The CIFAR-10 data-set contains a total of 60,000 images. It took about 6 hours to calculate the transfer-values of the Inception model for all these images, using a laptop PC without a GPU. And training the new classifier on top of these transfer-values only took a few minutes. So the combined time-usage of this tranfer-learning was less than half the time it took to train a neural network directly for the CIFAR-10 data-set, and it achieved significantly higher classification accuracy.

So transfer-learning with the Inception model is useful for building an image classifier for your own data-set.

Exercises

These are a few suggestions for exercises that may help improve your skills with TensorFlow. It is important to get hands-on experience with TensorFlow in order to learn how to use it properly.

You may want to backup this Notebook and the other files before making any changes.

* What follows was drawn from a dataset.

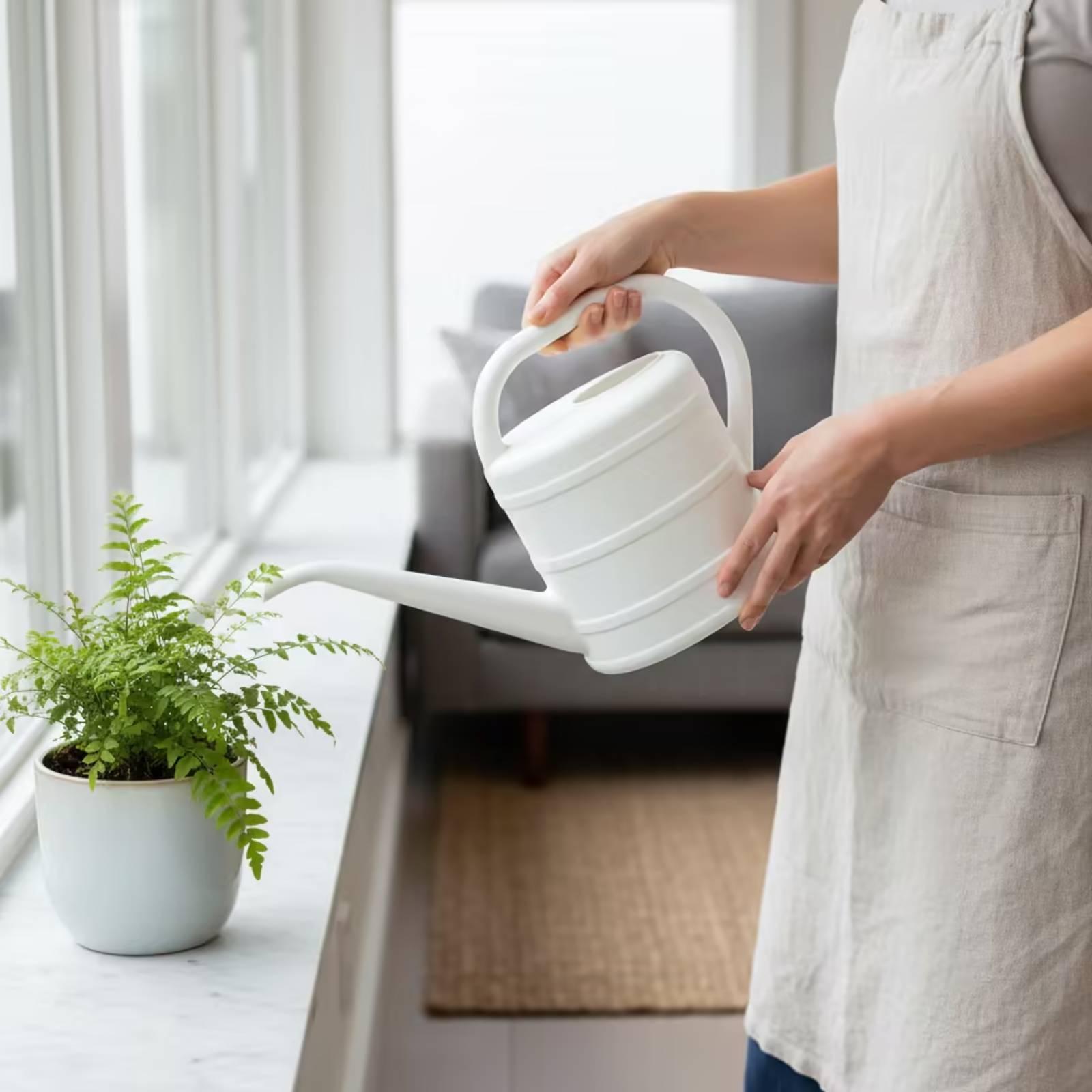 Watering Can with Long Spout E - Watering Can Long Spout recension och pris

  • Try using the full training-set in the PCA and t-SNE plots. What happens?
  • Try changing the neural network for doing the new classification. What happens if you remove the fully-connected layer, or add more fully-connected layers?
  • What happens if you perform fewer or more optimization iterations?
  • What happens if you change the learning_rate for the optimizer?
  • How would you implement random distortions to the CIFAR-10 images as was done in Tutorial #06? You can no longer use the cache because each input image is different.
  • Try using the MNIST data-set instead of the CIFAR-10 data-set.
  • Explain to a friend how the program works.

License (MIT)

Copyright © 2016 by Magnus Erik Hvass Pedersen

Permission is hereby granted, free of charge, to any person obtaining a copy of this software and associated documentation files (the “Software”), to deal in the Software without restriction, including without limitation the rights to use, copy, modify, merge, publish, distribute, sublicense, and/or sell copies of the Software, and to permit persons to whom the Software is furnished to do so, subject to the following conditions:

The above copyright notice and this permission notice shall be included in all copies or substantial portions of the Software.

THE SOFTWARE IS PROVIDED “AS IS”, WITHOUT WARRANTY OF ANY KIND, EXPRESS OR IMPLIED, INCLUDING BUT NOT LIMITED TO THE WARRANTIES OF MERCHANTABILITY, FITNESS FOR A PARTICULAR PURPOSE AND NONINFRINGEMENT. IN NO EVENT SHALL THE AUTHORS OR COPYRIGHT HOLDERS BE LIABLE FOR ANY CLAIM, DAMAGES OR OTHER LIABILITY, WHETHER IN AN ACTION OF CONTRACT, TORT OR OTHERWISE, ARISING FROM, OUT OF OR IN CONNECTION WITH THE SOFTWARE OR THE USE OR OTHER DEALINGS IN THE SOFTWARE.